Focus on the good. Happy Saturday morning

It's the weekend. Saturday morning and I have been up since 6am. Why such an early rise and shine for such a casual lazy day? Goodness knows. It won't actually be a day of indulgent nothing-ness, I will keep chipping away at this big brick wall of my own creation entitled 'my dissertation', and then I shall go for a late afternoon tea with the beautiful lady Steff, followed by some cocktails this evening. I guess this is what a weekend is for - catching up on the work we failed to do during the week, but not neglecting the crucial balance we so desperately require in order to contently 'keep on keeping on' - as my Facebook status so eloquently phrased it last night.

To 'keep on keeping on' suggests an element of despondent hopelessness - this is not how I want life to be for the next couple of months, nor is it how life WILL be for the next couple of months. It's not really an accurate reflection of life right now either; but it seems to be the most well-fitting phrase. I finish University in two months time. This is of course exciting and it's very much at the foreground of my mind right now. I am ready for the next thing. But it is a terrifyingly real prospect, and a rather sad thought to have in mind, knowing that I have a huge place in my heart for my University and my course and the people I've grown to love. There is so much to still be done. So, so much.

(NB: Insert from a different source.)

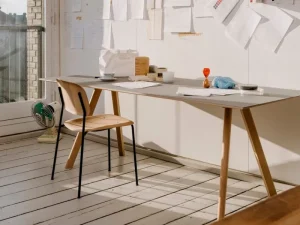 Vitra Tische-HAY Tisch CPH30 2.0, 200 x 90 cm, Eiche lackiert - graues Linoleum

If I am to leave and not be offered a place on the post grad course here, it will be a little heartbreaking to leave knowing that the last couple of months were spent merely fighting to stay afloat and neglecting everything that is absolutely breath-taking, exciting, and intriguing about life right now. 

My desktop background on my laptop has the words: 'Focus on the good.' - and this, is precisely what I need to do before I drive myself absolutely crazy. The simple mindset of focusing on the good. There are so many good things ahead but I'll just be blind to them if I waste my energy worrying.